When you're dealing with customers, sometimes things can go wrong. It might be your fault, it might be their fault or it might be no-one's fault -- but if you didn't make a contract, then you'll all suffer.

Why Do I Need Contracts?

A contract gives you a sound legal base for your business, and some guarantee that you're going to get paid for your work without you having to ask the customer for payment in advance. In the event of a dispute, the contract lays down what the agreement was so that you can point to it and say what was agreed. If you ever end up having to go to court (let's hope you won't), the contract is what the judge's decision will be based on.
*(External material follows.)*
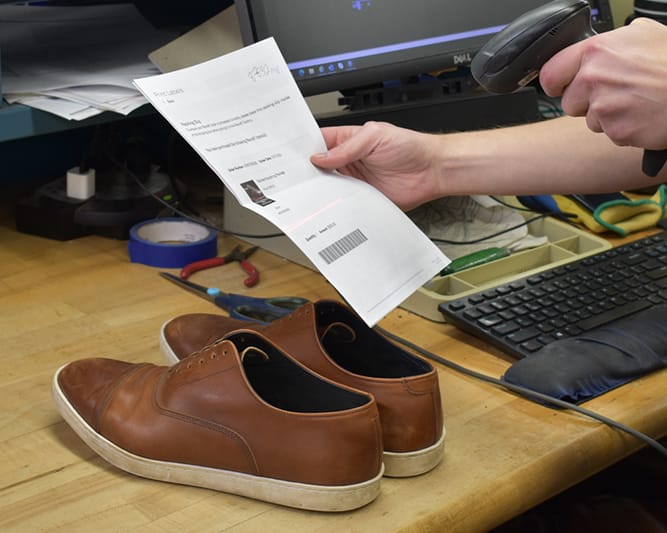 Shoes arrive at factory for recrafting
Without a contract, you leave yourself vulnerable and open to exploitation. Someone could claim that the terms they agreed with you were different to what you say they were, or that they never signed up for anything at all and so they won't pay. It's especially common to see big businesses mistreat small ones, thinking that they won't have the knowledge or the money to do anything about it. Essentially, contracts take away your customers' ability to hold non-payment over your head, and give you the ability to hold it over theirs instead.

Written and Verbal Contracts.

It is important to point out the distinction in the law between a verbal (spoken) contract and a proper, written one. A verbal contract is binding in theory, but in practice can be very hard to prove. A written contract, on the other hand, is rock-solid proof of what you're saying.
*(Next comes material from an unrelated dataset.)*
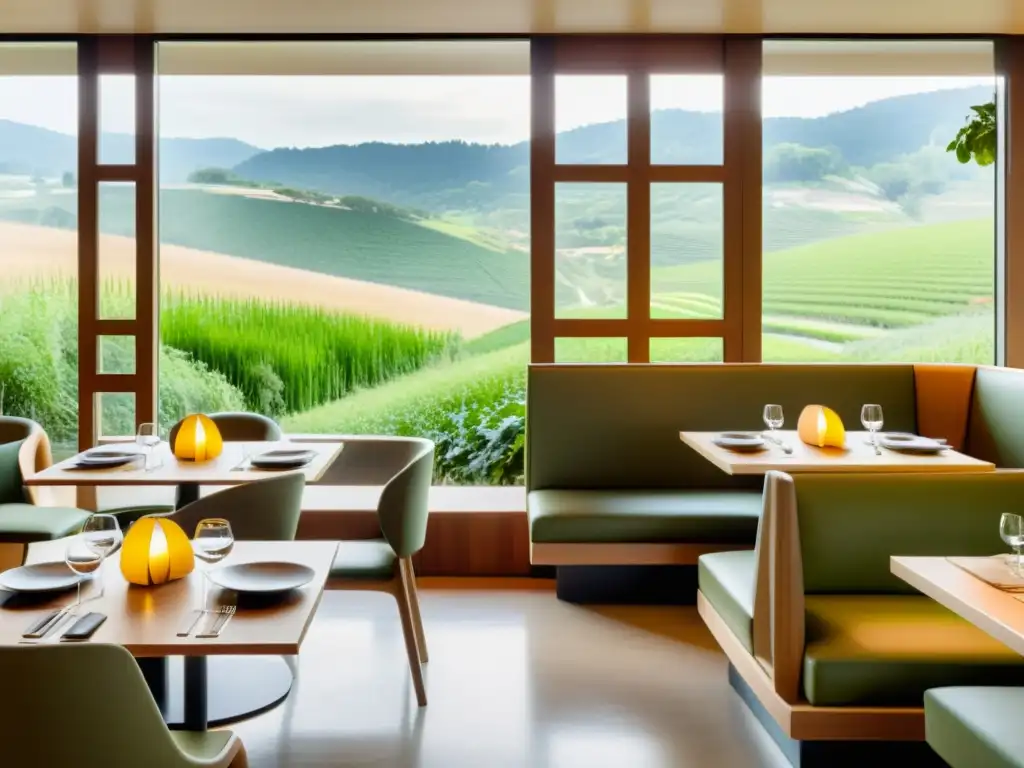 Vista panorámica de un restaurante orgánico galardonado con estrellas Michelin, con un interior minimalista en tonos terrosos y acentos verdes sutiles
You might think that you're never going to get into a dispute with your customers, but it's all too common to find yourself in a little disagreement. They will often want to get you to do some 'small' amount of extra work to finish the job or make it better, not realising that doing so would completely obliterate your profit margin.

For this reason, you should be very wary of doing anything with nothing but a verbal contract. On the other hand, if you were incautious or too trusting and only got a verbal contract, it could still go some way towards helping you, especially if there were witnesses.

Won't It Be Expensive?

Written contracts don't necessarily need to be formal contracts, which are drawn up by a lawyer with 'contract' written at the top and signed by both parties. These kinds of contracts are the most effective, but can be expensive to have produced, not to mention intimidating to customers.
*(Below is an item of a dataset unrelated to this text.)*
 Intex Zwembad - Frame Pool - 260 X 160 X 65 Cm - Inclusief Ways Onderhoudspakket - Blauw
The most common kind of written contract, oddly enough, is a simple letter. If you send a customer a letter (or, indeed, an email) laying out your agreement before you start work, and they write back to agree to it, that is enough to qualify as a written contract, with most of the protections it affords.

If you are doing high-value work for some clients, though, it could be worth the time and trouble of having your lawyer write a formal contract, or at least of doing it yourself and getting a lawyer to look it over. Formal contracts will give you more protection if the worst happens, and there's nothing to stop you from making it a one-off expense only by re-using the same contract for multiple customers.

Contracts for Small Purchases: the Terms and Conditions.

Obviously it would be silly to expect everyone who buys some $10 thing from you to sign a contract, or write back indicating their agreement to your terms. In this situation, you should have a statement of the 'terms and conditions' that your customer is agreeing to by buying from you, and they should have to tick some kind of box indicating their agreement before you send anything.

Luckily, it isn't usually so necessary to be paranoid about contract law with small purchases anyway, since customers will be paying you first and receiving the goods or services afterwards, not the other way around. If you plan to offer any kind of payment plan or other long-term agreement, of course, this should always be backed up with a signed contract.